Waxman visits with numerous curators in host countries whose attitude is that their own lack of facilities or expertise hardly gives Europeans a right to steal. But there is little sense, as the chief Egyptologist of the Louvre argues, in returning objects to darkened tombs. Egyptians may be unhappy, but their own collections still dwarf those in the West. The number of pharaonic objects in the Egyptian Museum in Cairo is estimated at 120,000, many of them yellowing, cracked, and unlabeled.

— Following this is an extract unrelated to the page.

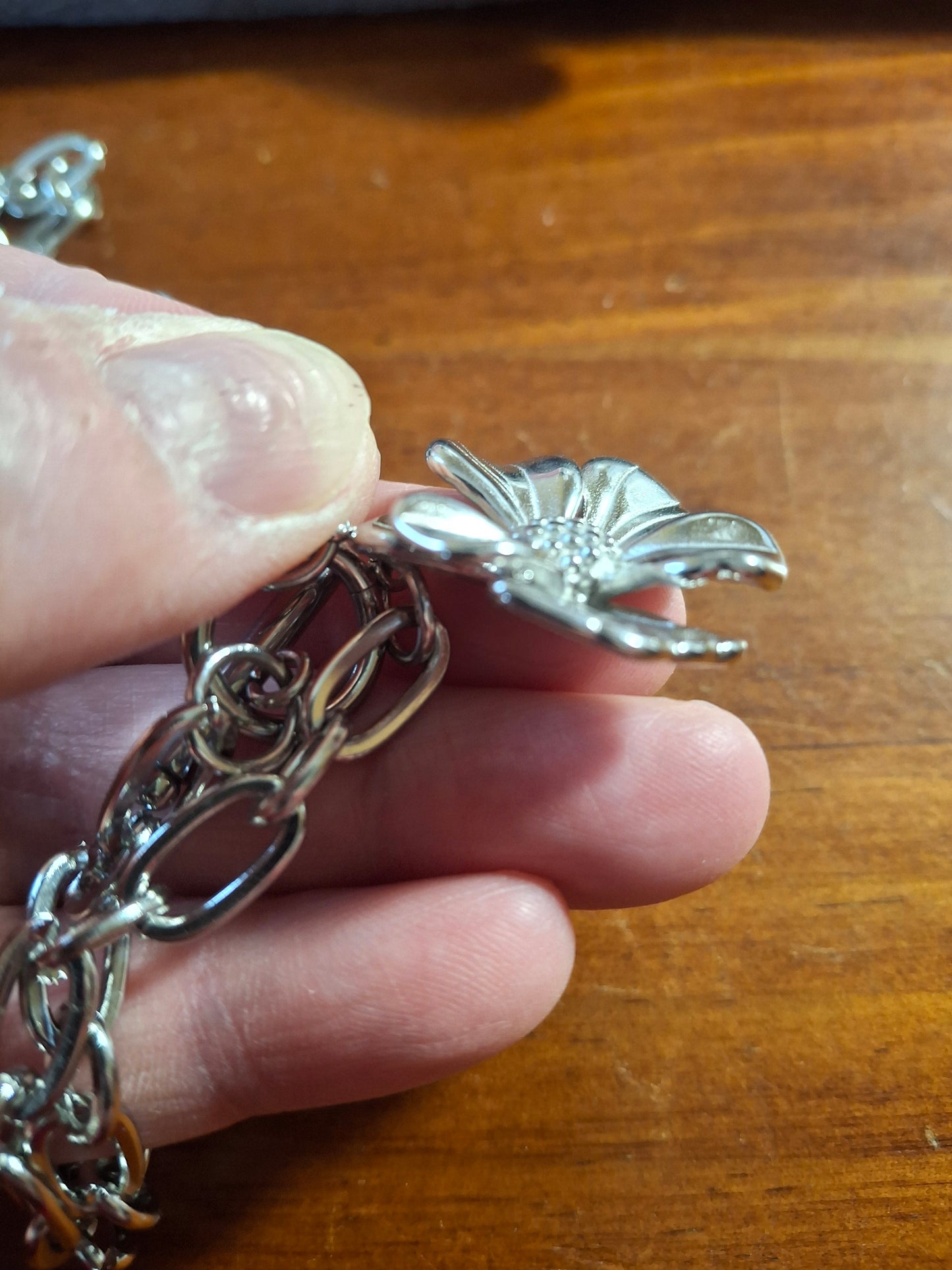 Collier chaîne acier inoxydable stainless steel 316 rhodié maille gourmette pendentif fermoir toggle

Furthermore, provenance is less clear than it may seem. Contemporary Egyptians are not the direct descendants of the pharaoh’s army, nor are Turks related to the ancient Greeks. While Unesco now forbids the illegal removal of newly excavated finds, it would be impractical and also undesirable to compel the return of treasure seized when standards were different.
Waxman sensibly suggests that museums be more candid about how they acquired their collections. Two centuries later, the British Museum has no reason to obscure the details of Lord Elgin’s heist. He is as much a part of history as the marbles he made off with.
Unhappily, Waxman cannot make up her mind on the question of restitution that lies at the heart of Loot. On each point of contention, she quotes every possible source and all but drowns the reader in competing opinions. Her attempts to sum up are indecisive. Thus she writes, “Perhaps [antiquities] should be returned. But perhaps they should not be returned just yet.” Her narrative suffers from a similar inability to select. Having overfilled her notebook with interviews, she disgorges every one. The result is something like that Egyptian museum, crowded with gems but leaving the reader with a feeling of exhaustion and clutter.